Bu nedenle hekimin hizmeti reddetme, talebi geri çevirme, riskli durumlarda hizmetten kaçınma hakları bağımsız haklar olarak değil, tam tersine hizmet bekleyen hastanın daha uygun koşullarda bu hizmeti almasına olanak sağlayan bağlı haklar olarak değerlendirilmeli.

Aynı şekilde, hekimin ve diğer sağlık personelinin çalışma koşullarının iyileştirilmesi, her bir hastaya ayıracağı zamanın kaliteli hizmet verecek sürede olması, mesleki gelişimine zaman ayırması gibi hakları da yine hasta haklarının türevi niteliğinde bağlı haklardır. Gerçekten de standartları yüksek çalışma koşullarında faaliyet gösteren, tanı ya da tedavi için gerekli zamanı ayırabilen ve mesleki gelişiminde ihtiyaçlarını karşılayabilen hekimin, hasta haklarının gerektirdiği hizmeti layıkıyla verdiği ve verebileceği söylenebilir.

Ayrıca hekimin ve diğer sağlık personelinin, çalıştıkları sağlık kuruluşu içerisinde yönetime katılma hakkına sahip olması ve bu hakkın yatay ve dikey pozisyonda yaygın olarak kullanılması da hasta haklarına bağlı haklar olarak nitelenebilir. Ancak yönetime katılma hakkının sadece gelir artırıcı bir sağlık kuruluşu hedefine yönelik kullanılması, hasta haklarına tamamen aykırı bir sonuç doğurur. Genel olarak kişinin sağlık hakkında, özel olarak hasta haklarında esas olan ticari ya da iktisadi gayeler değil, herkes için sağlıklı yaşam koşullarını oluşturmaktır.

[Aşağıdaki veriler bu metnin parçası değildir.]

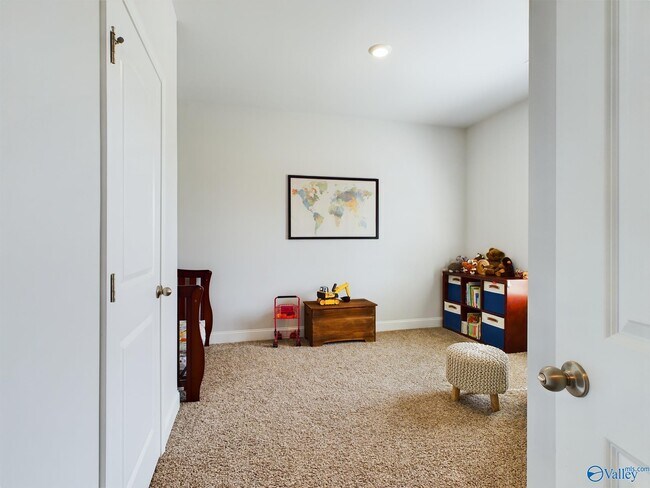 Building Photo - 219 Maureen Dr SW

Hekim ve diğer sağlık personelinin Sağlık Bakanlığı’yla ilişkilerinin de yine hasta haklarının merkezde olduğu bir anlayışla düzenlenmesi gerekiyor. Burada öncelikli konu Sağlık Bakanlığı’nın tüm işlem ve tasarruflarında ve aldığı tüm kararlarda hekimin ve diğer sağlık personelinin bireysel katılım imkânlarına sahip olmasını sağlamaktır. Meslek kuruluşları aracılığıyla katılım bir seviyeye kadar anlamlı olmakla birlikte meslek mensuplarının tümünün tercihlerini ve iradesini yansıtan ve etkili katılım sağlayan bir araç değil. Öte yandan zorunlu üyelik esasına dayalı kamu kurumu niteliğindeki meslek kuruluşlarının idarenin bir parçası olması sebebiyle meslek mensupları üzerinde vesayetçi bir rol oynamaları da bu kuruluşları, üyelerinin önemli bir bölümünden uzak tutan bir pozisyona sokuyor.

Elbette, hekim ve diğer sağlık personelinin gönüllü üyelik esasına dayalı meslek kuruluşları oluşturmaları savunulmalı ve tercih edilmeli. Ancak bu dahi günümüz koşullarında bir kuruluş aracılığıyla karar mekanizmalarına etki etmenin sorunlarını tümüyle gideremez. Bu nedenle, daha demokratik ve çoğulcu yapıda olan meslek kuruluşları olsa bile hekim ve diğer sağlık personelinin Sağlık Bakanlığı ile ilişkilerde gündelik süreçlerde yer alabilecek şekilde bireysel katılım olanaklarına sahip olması temel konudur. Bu katılım, makro sağlık politikaları yerine parti siyasetleri çerçevesinde yahut dar grup siyasetleri çerçevesinde geliştirilen sağlık politikalarının egemen olmasının önüne geçecek en temel güvencedir.

Konuya ilişkin ayrıntılandırılması gereken çok fazla boyut var. Bizim burada ortaya koyduğumuz tez tartışma için bir tür başlangıç noktasıdır. Becerebildiğimiz kadarıyla bundan sonra konunun daha somut yanlarını ve detaylarını belli bir sistematik içinde ele almaya devam edeceğiz.